Services sector accounts for about 51 percent of the country's GDP.
The policy also mandated the government to establish a common facility centre for home-based service providers, particularly in areas like engineering and architectural design, multi-media operations, software developers etc in the state and district-level, to draw home-based professionals into the services export arena.
Admittedly, even as M R Ahmed, president of Federation of Indian Exports Organization, says, "The foreign trade policy not only aids growth in of India's exports but also aids in the growth of the economy," but the moot question that still remains is, would India be still able to achieve the ambitious targets it has set or itself?
"This does seem a tall order, says Vivek Bharat, an advisor to industry lobby FICCI. "But there are success stories in India that show that it can be done."
According to Bharati, during the 90s, India clocked the fastest average export growth of 17.3 percent per annum in services' exports in the world, leaving China behind at 15.8percent. In fact, it topped the group of world's 15 largest exporters of services outperforming all neighbors in Southeast and East Asia and also the US, Canada, Japan and countries of the European Union. During five years ending 2000, India's services' exports grew by 23.2percent per annum, nearly six times that of all world exports and India's our market share by 2001 had reached 1.4 percent, which is double the market share India had in merchandise trade.
The other emerging success story to bank on is automobiles. In only four years from 2000-01 to 2003-04, India's export of cars has gone up more than five times from 23,000 to 1,26,000, and that of two-wheelers has more than doubled to reach 2,65,000. With auto components also on a roll, this sector will soon rival software and ITES as a leading export sector of the country.

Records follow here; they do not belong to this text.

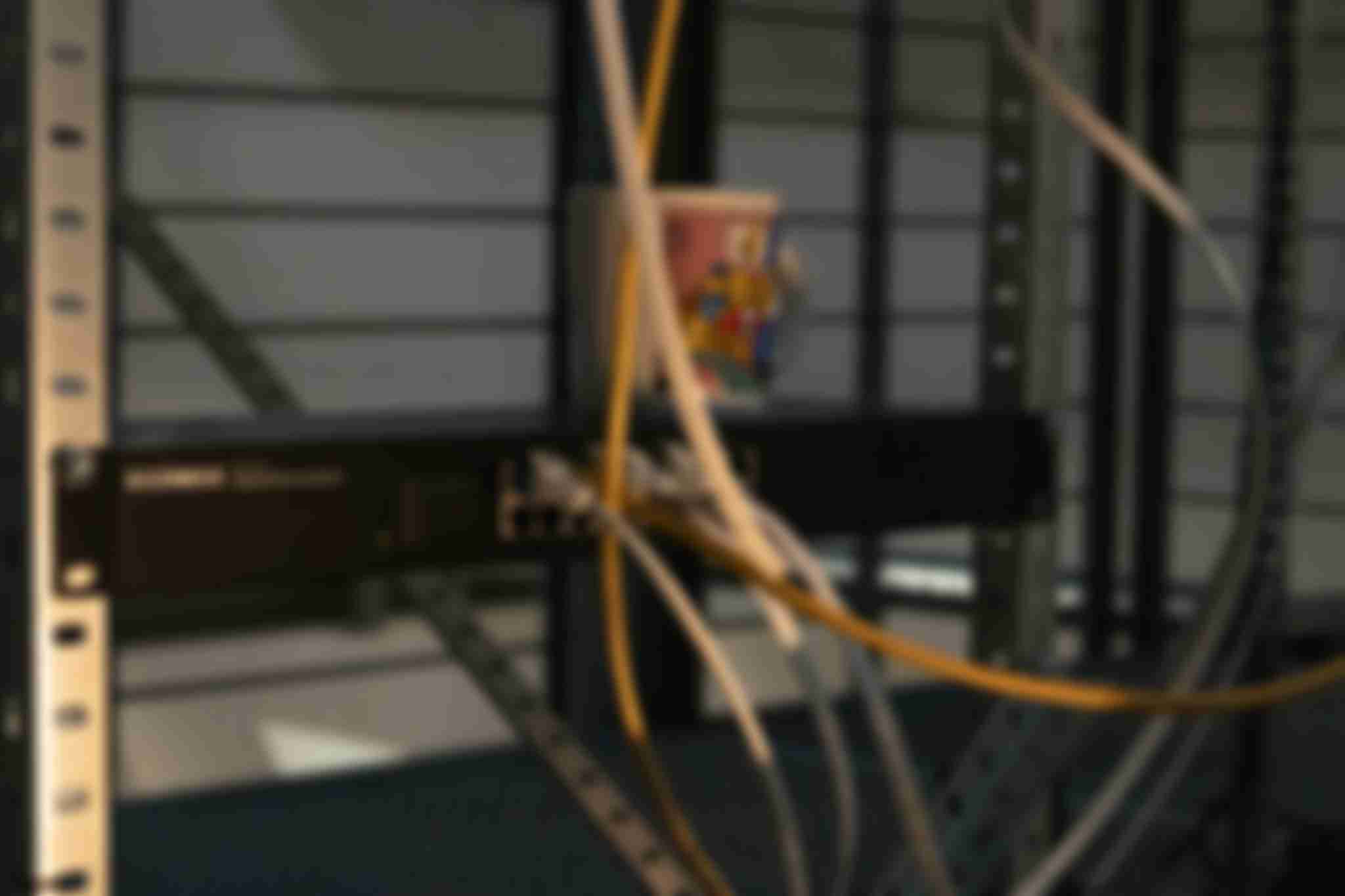 A close-up of the network switch being mounted inside aluminium profiles, becoming an integral part of the /sys/net/visible installation.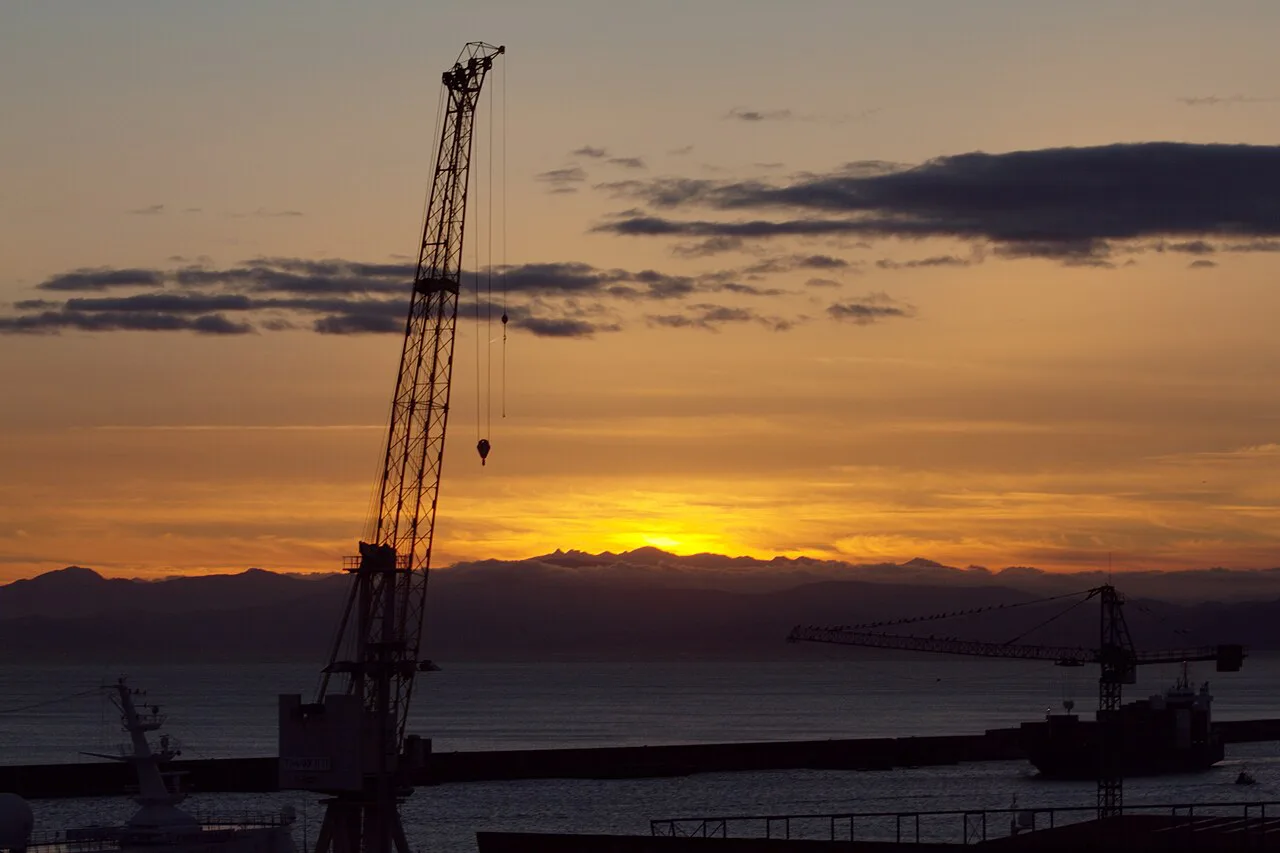 Sunset over Genoa harbour.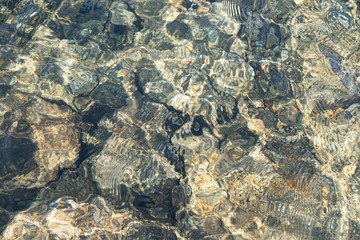 rocks and pebbles at bottom of riverbed through clear water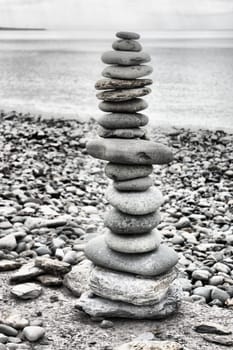 stones balancing on top of each to make a tower on a beach
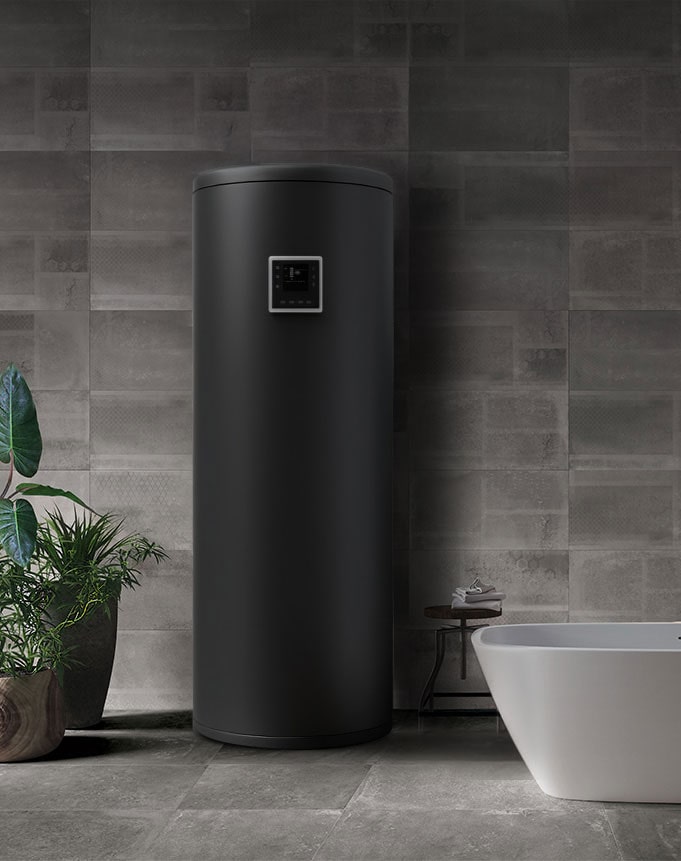 Matte black cylindrical Air to Water Heat Pump installed indoors against a tiled wall, next to a modern white bathtub.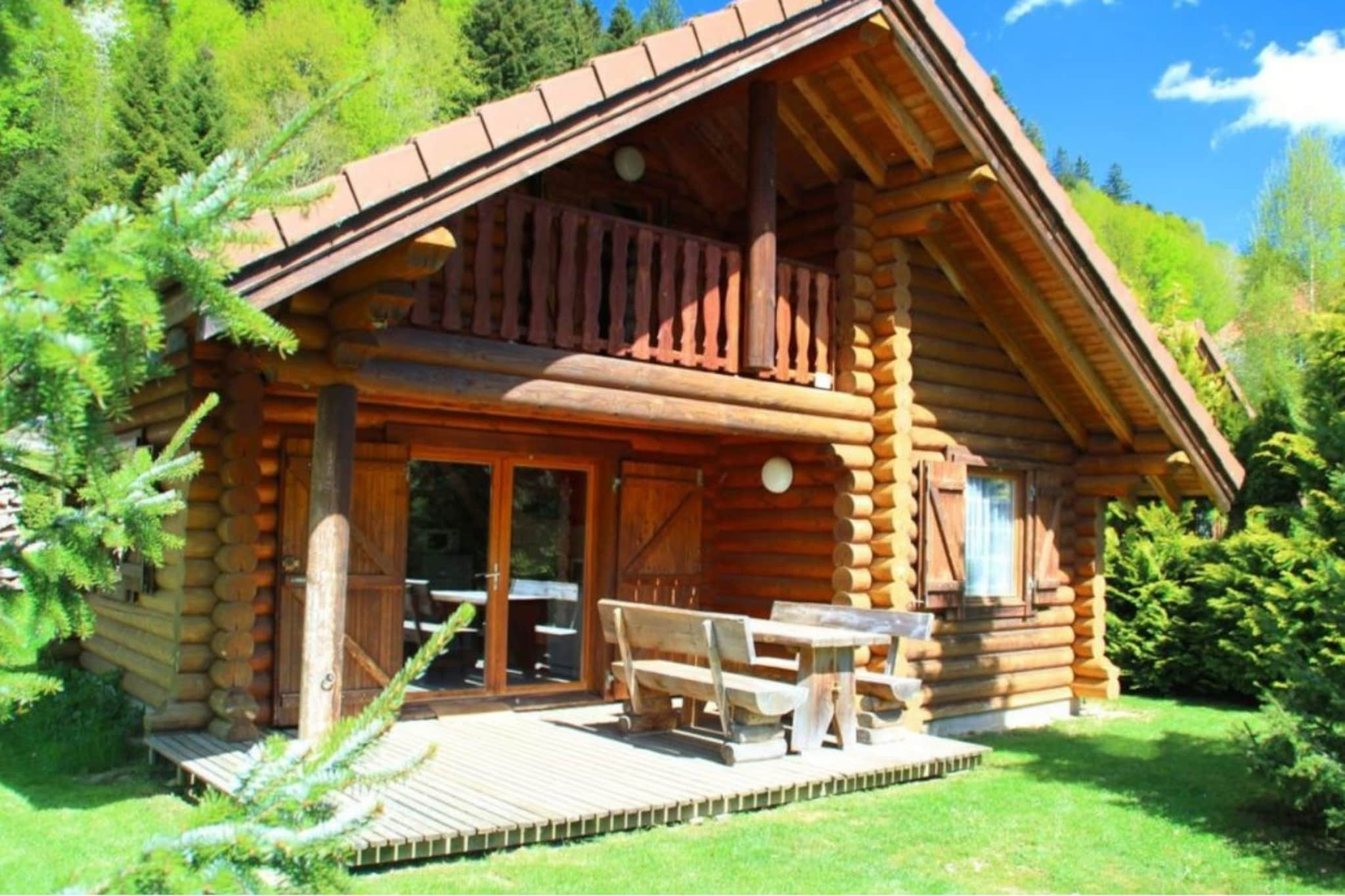 L'OURS BLANC Chalet en rondins-Buitenlucht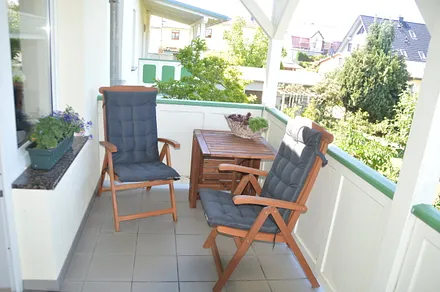 Sitzecke auf der überdachten Terasse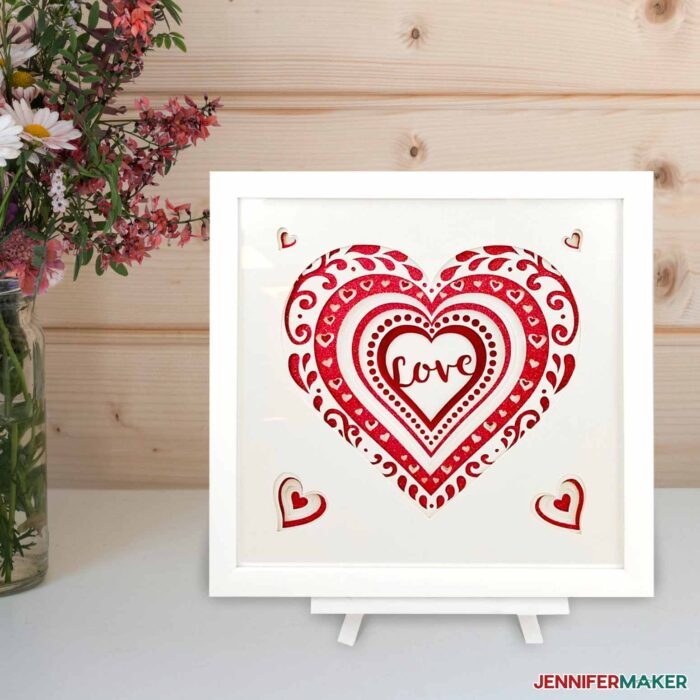 "Love" in a layered heart of white and red cardstock in a white frame on a table with flowers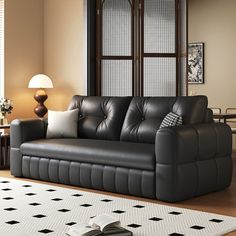 a living room with a black leather couch and white rug in front of the window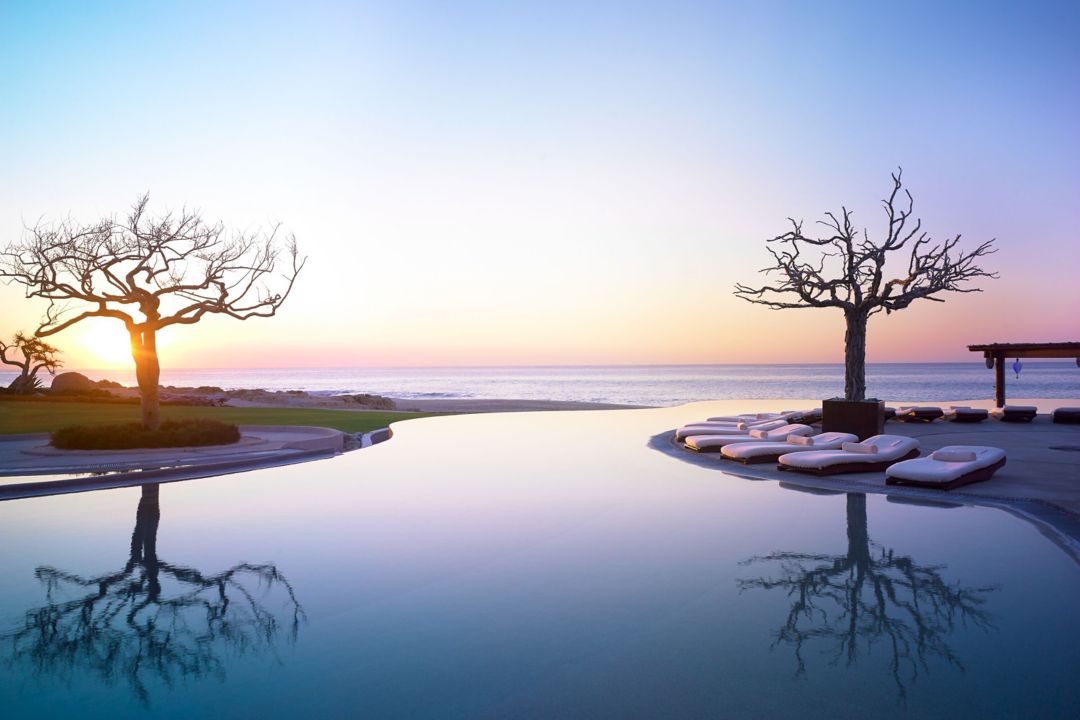 An infinity pool at a luxury resort in Los Cabos overlooking the ocean.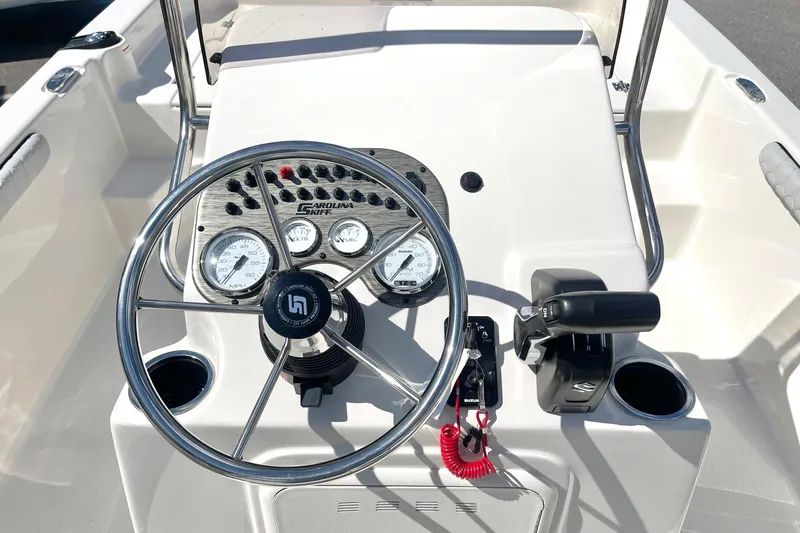 Slide: The Image of 2026 Carolina Skiff 19 LS boat dashboard with steering wheel and controls. - 3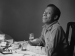 James Baldwin sitting at a table and smiling.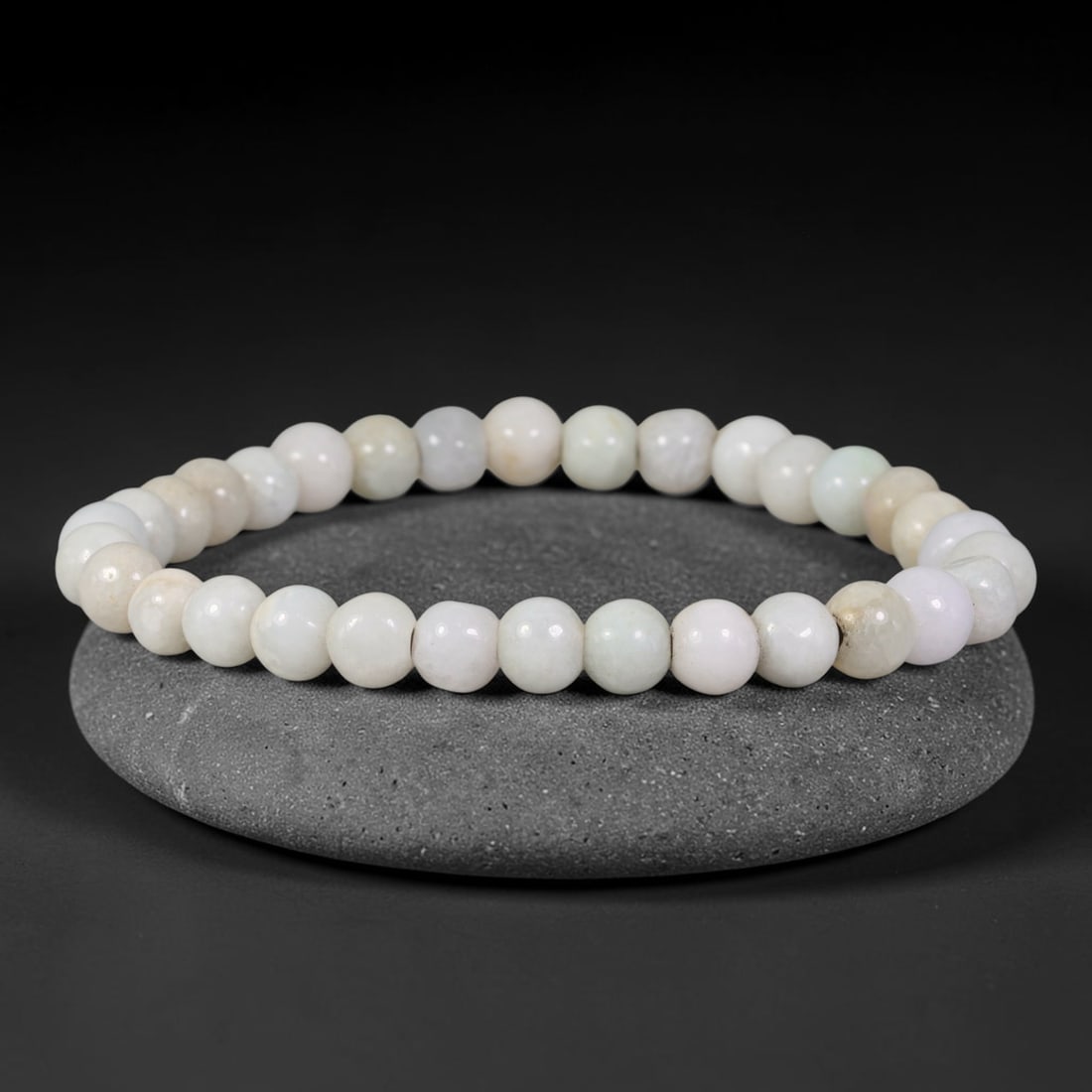 Natural Burmese Type A Pale Off-White Cream Jadeite Jade Bead Bracelet, 44TP: Strung from natural Type A Burmese jadeite, this spherical bead bracelet has a soft pale off-white cream base tone with subtle faint natural clouding and minor warm flecks across the beads. Each bead 
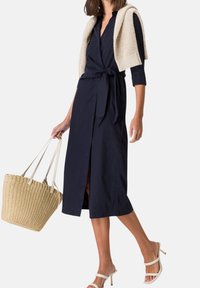 Vestido envolvente azul marino con cintura anudada, presenta un escote en V profundo y mangas de tres cuartos, combinado con un cárdigan de punto beige claro y un bolso de paja.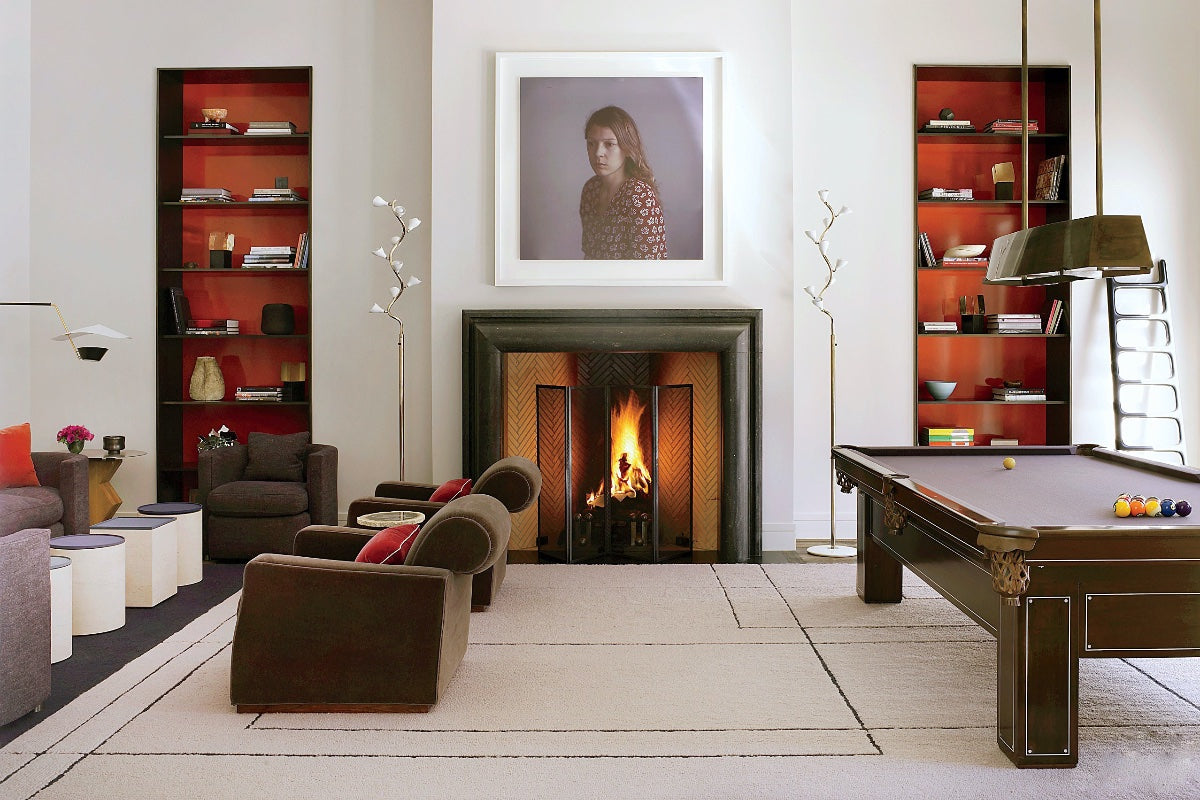 billiards room with fireplace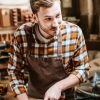 carpenter-holding-chisel-while-carving-wood-in-workshop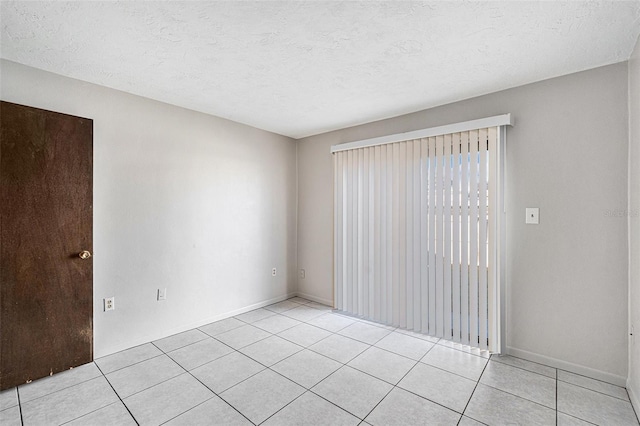 tiled empty room featuring a textured ceiling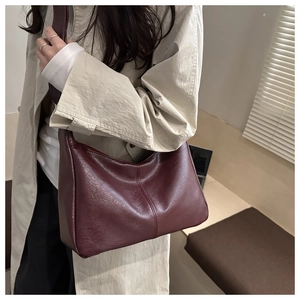 Detail of burgundy PU leather hobo bag showing natural texture and wide shoulder strap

A feature that is common to both automobiles and software exports is the openness of these sectors to foreign competition and FDI and India is now emerging a sourcing destination in these sectors for global majors. Both in ITES and automobiles, MNCs have made India a hub for their global production and supply chains and this has inspired Indian companies too to aggressively enter the global fray. The BPO story was led by foreign investors, and a similar story is now unfolding in autos, where Hyundai, Suzuki, Ford took the initiative and now Tata Motors and Toyota have joined the bandwagon. In the case of autos, what has helped the cause is a rational import duty structure and falling local taxes in the domestic market.
And, Bharti feels that a similar story could be repeated in a number of other sectors, such as where India has comparative advantage such as in a range of crops and horticultural products, textiles, etc.
But the full potential in this sector cannot be realised by according duty free credit entitlement to exporters or allowing them to import capital goods without having to pay import duties.
Therefore, says Bharti, "What India needs is a root-and-branch reforms, and this policy does exactly that."